» **Provided records**:

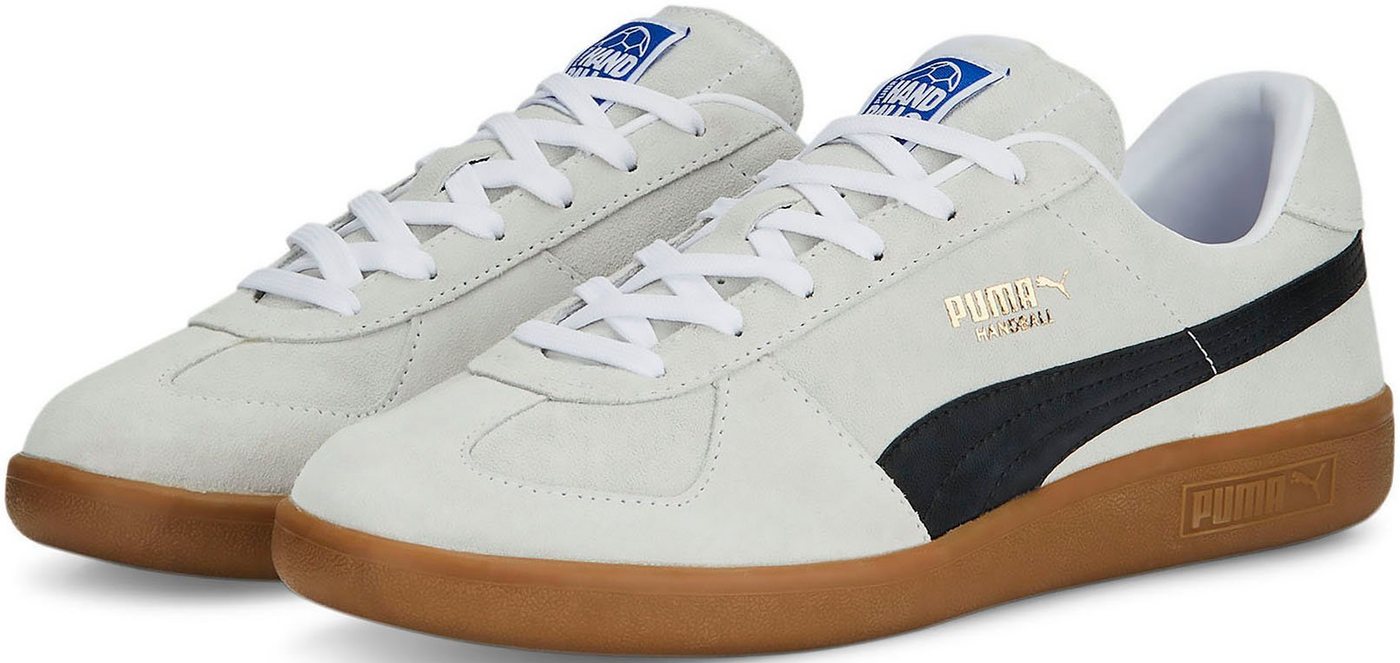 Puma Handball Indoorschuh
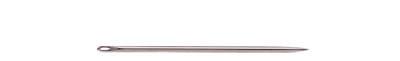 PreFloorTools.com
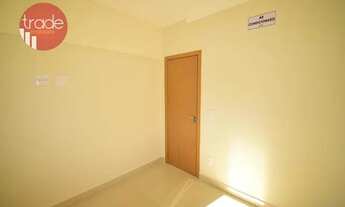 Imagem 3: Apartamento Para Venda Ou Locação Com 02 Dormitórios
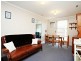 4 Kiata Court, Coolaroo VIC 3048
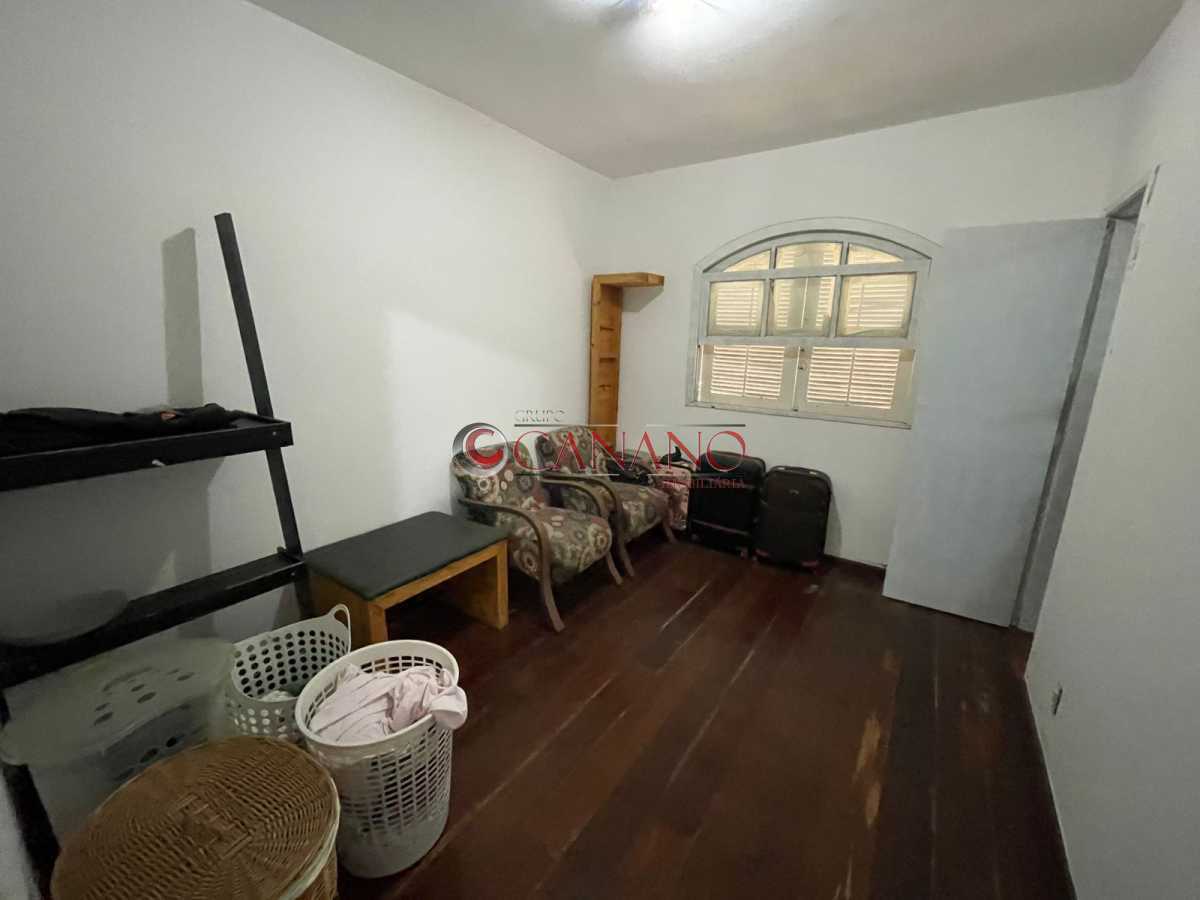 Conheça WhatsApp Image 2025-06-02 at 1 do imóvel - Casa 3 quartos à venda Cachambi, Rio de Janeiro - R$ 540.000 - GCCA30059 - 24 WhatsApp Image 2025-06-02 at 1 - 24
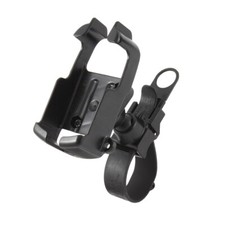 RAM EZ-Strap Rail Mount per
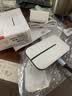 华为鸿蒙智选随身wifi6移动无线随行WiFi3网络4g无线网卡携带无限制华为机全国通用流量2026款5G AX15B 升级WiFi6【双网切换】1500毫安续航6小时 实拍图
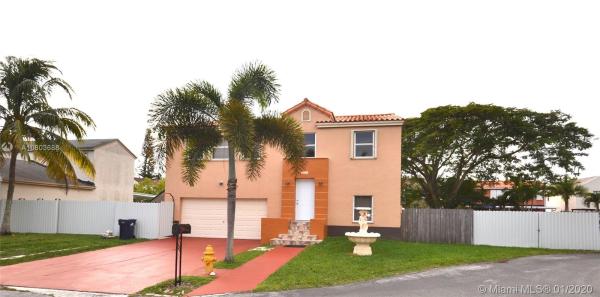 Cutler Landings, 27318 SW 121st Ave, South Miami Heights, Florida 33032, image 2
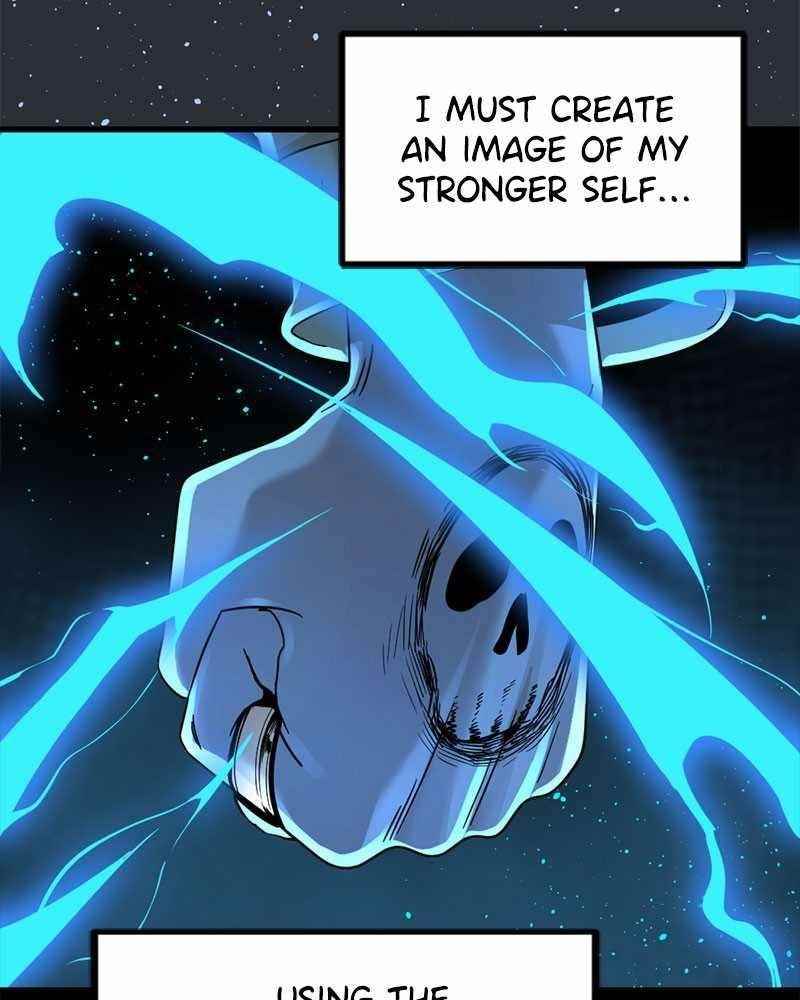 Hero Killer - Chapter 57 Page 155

» **Problem**:
Nothing but the lines from the line containing "Imagem 3: Apartamento" to the end of the records above should be repeated, exactly and with every picture omitted.

» **Output of the task**:
 Imagem 3: Apartamento Para Venda Ou Locação Com 02 Dormitórios
 4 Kiata Court, Coolaroo VIC 3048
 Conheça WhatsApp Image 2025-06-02 at 1 do imóvel - Casa 3 quartos à venda Cachambi, Rio de Janeiro - R$ 540.000 - GCCA30059 - 24 WhatsApp Image 2025-06-02 at 1 - 24
 RAM EZ-Strap Rail Mount per
 华为鸿蒙智选随身wifi6移动无线随行WiFi3网络4g无线网卡携带无限制华为机全国通用流量2026款5G AX15B 升级WiFi6【双网切换】1500毫安续航6小时 实拍图
 Cutler Landings, 27318 SW 121st Ave, South Miami Heights, Florida 33032, image 2
 Hero Killer - Chapter 57 Page 155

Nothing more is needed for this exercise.